NEW AGE
SAMPLER
Excerpts from the phone interview that aired
August 29, 1999
Interview conducted by
Bear
Bear: Good morning Richard and
welcome to the New Age Sampler. So glad you
could take some time to let the listeners find
out what's going on in Richard's
world.
RB: My pleasure.
Bear: Speaking of Richard's
world.....
Quirkworks Laboratory.... sounds mysterious.

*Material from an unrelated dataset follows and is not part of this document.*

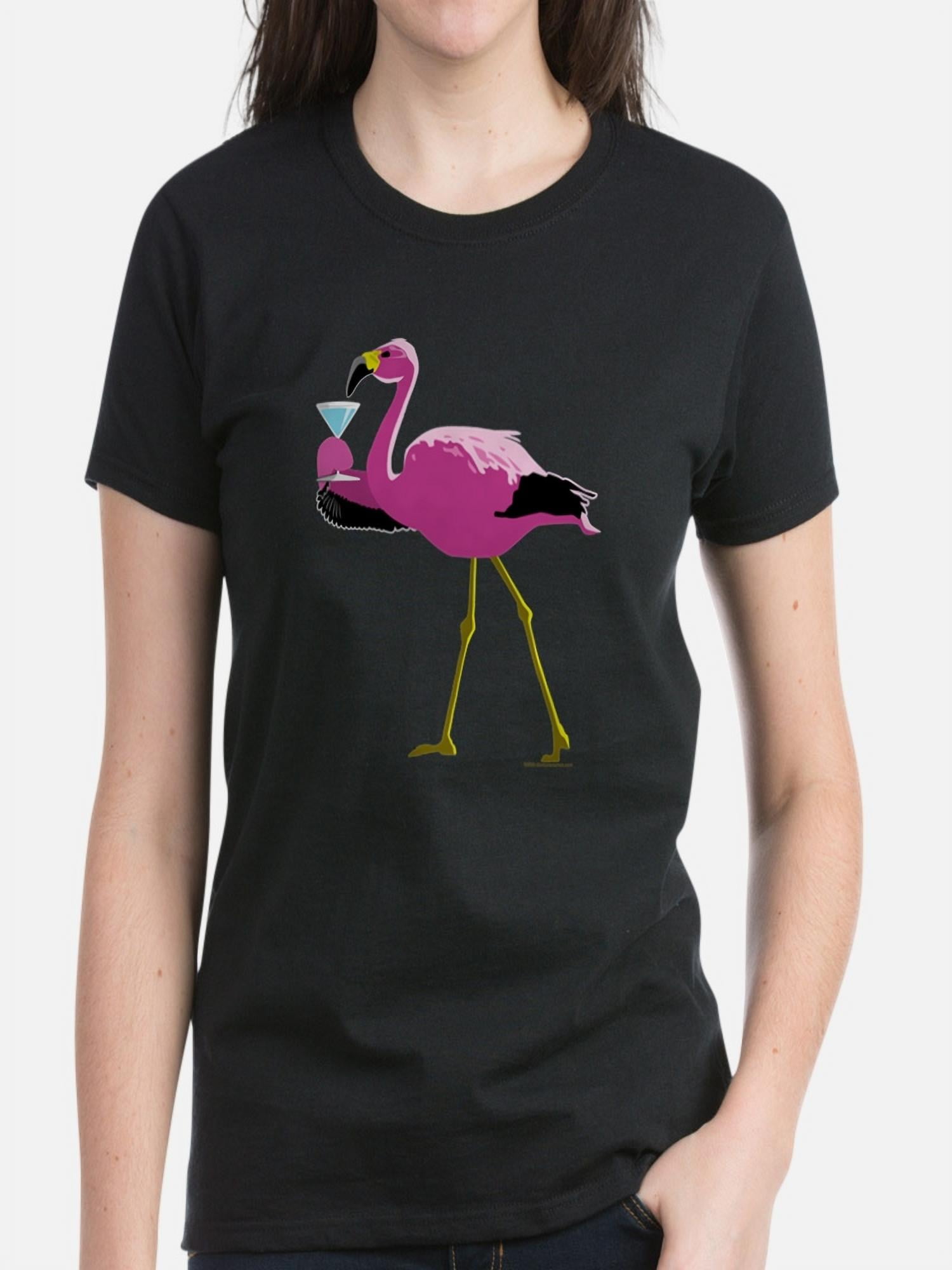 Women\'s Martini Dark Flamingo Women\'s A Drinking - Sh Dark CafePress Pink - T T-Shirt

Can you let us know how that got
started?
RB: Well, Quirkworks was started after I left
a label in Britain called Survival Records.

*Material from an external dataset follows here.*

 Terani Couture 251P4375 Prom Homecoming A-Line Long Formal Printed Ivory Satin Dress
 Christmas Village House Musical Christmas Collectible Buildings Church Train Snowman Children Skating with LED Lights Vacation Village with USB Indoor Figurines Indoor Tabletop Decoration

They wanted to move to more dance material and
I wanted to move in a more ambient direction,
so I left the label and started my own. I
called my studio the laboratory figuring I
would just do all my experiments there. That's
how Quirkworks was born. It started with a CD
called "Quirkwork" almost ten years
ago.
Bear: Well, I don't know about
my predecessors here at the show but my own
and the current listeners first introduction
to Richard Bone was via the Hypnos release
"The Spectral Ships." I was quite amazed at
how diverse your material is because I figured
"ah... here's another ambient artist" and then
along came "Electropica" and
"Coxa".....
RB: And you went "What the heck is
this?"
Bear: Well?
RB: There are the two sides to what I was
creating, the really ambient thing, and then I
started developing a great affection for 60's
jazz starting with Bossa Nova. Mike at
Hypnos really wanted to put out my ambient
work, so I decided that would be the way to do
it so people would know that if it was on the
Hypnos label, it's going to be the ambient
side of me, and if it's on Quirkworks it'll be
the more jazzy, rhythmic side.
There's a new release
coming up on Hypnos in about 3 weeks called
"Etherdome" which is along the same lines as
"Spectral Ships," though not quite as dark.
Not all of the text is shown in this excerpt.